Task description:
Your reply should consist only of the lines from the one holding "Photometria sive de" to the last line of the data below, written out exactly and without pictures.

Exercise data:

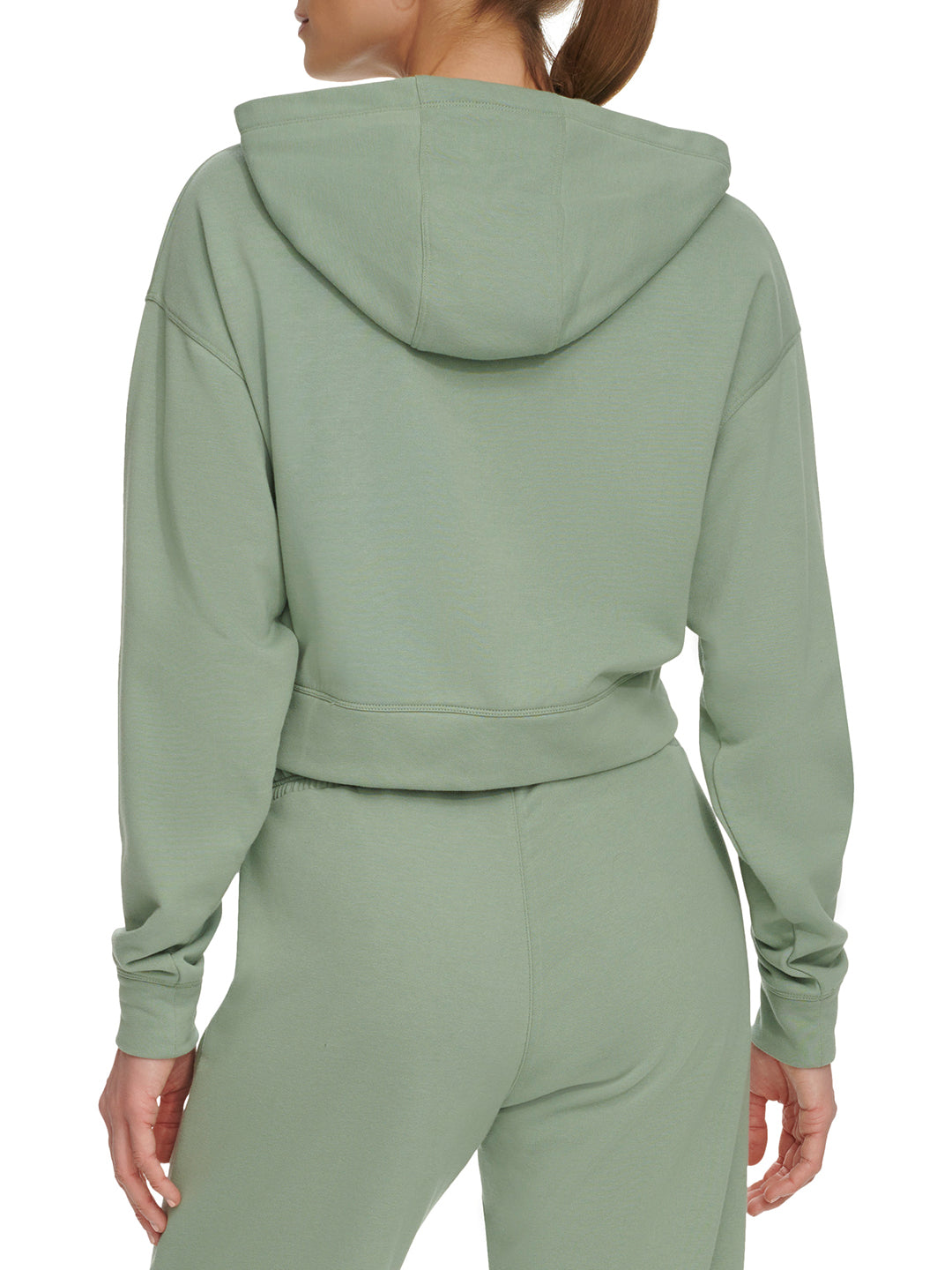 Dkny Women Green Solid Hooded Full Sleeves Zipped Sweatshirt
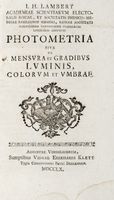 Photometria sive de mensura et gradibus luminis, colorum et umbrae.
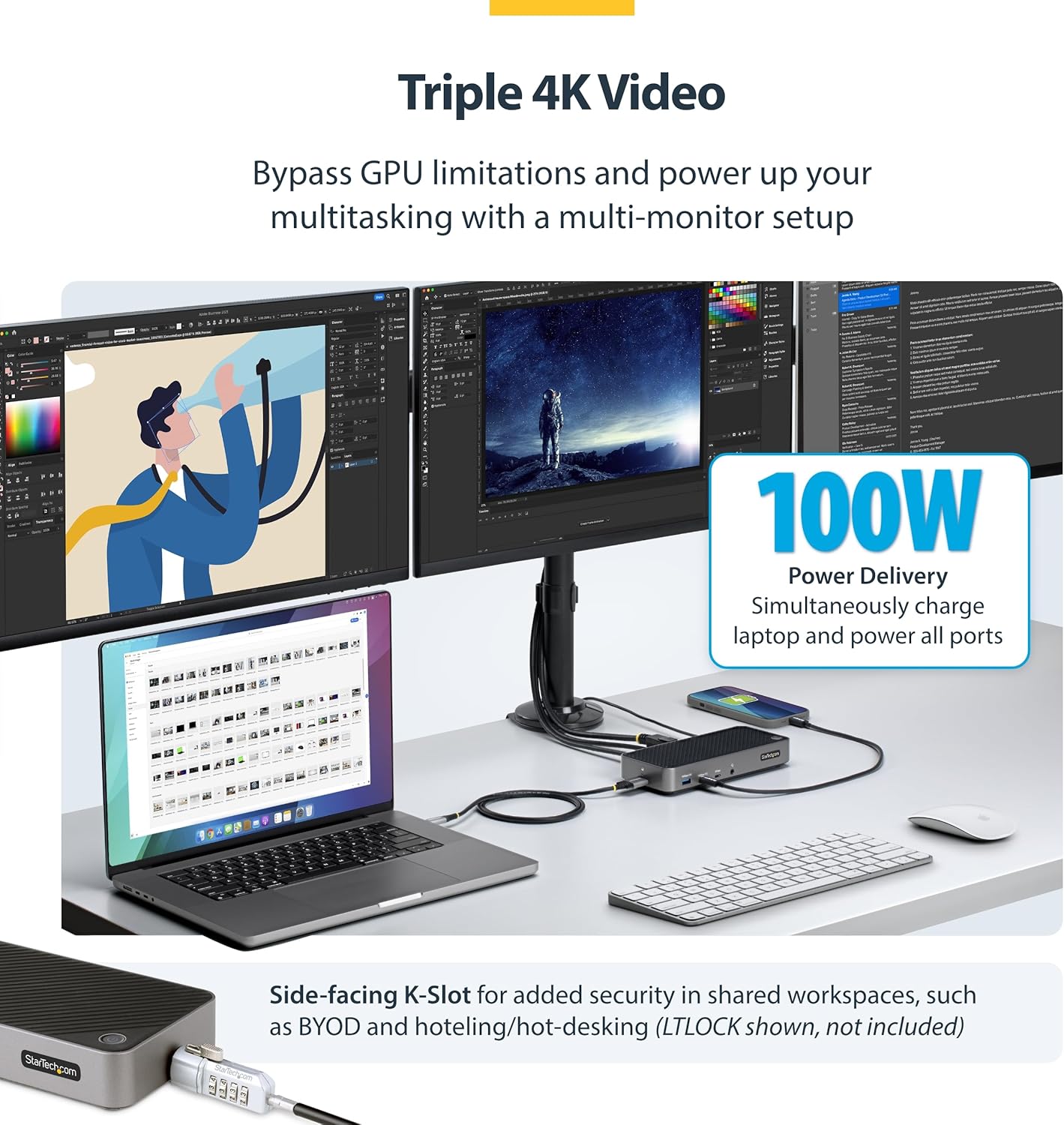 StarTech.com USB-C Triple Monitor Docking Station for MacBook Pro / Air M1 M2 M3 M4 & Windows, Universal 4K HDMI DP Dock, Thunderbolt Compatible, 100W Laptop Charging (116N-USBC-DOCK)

Output below:
 Photometria sive de mensura et gradibus luminis, colorum et umbrae.
 StarTech.com USB-C Triple Monitor Docking Station for MacBook Pro / Air M1 M2 M3 M4 & Windows, Universal 4K HDMI DP Dock, Thunderbolt Compatible, 100W Laptop Charging (116N-USBC-DOCK)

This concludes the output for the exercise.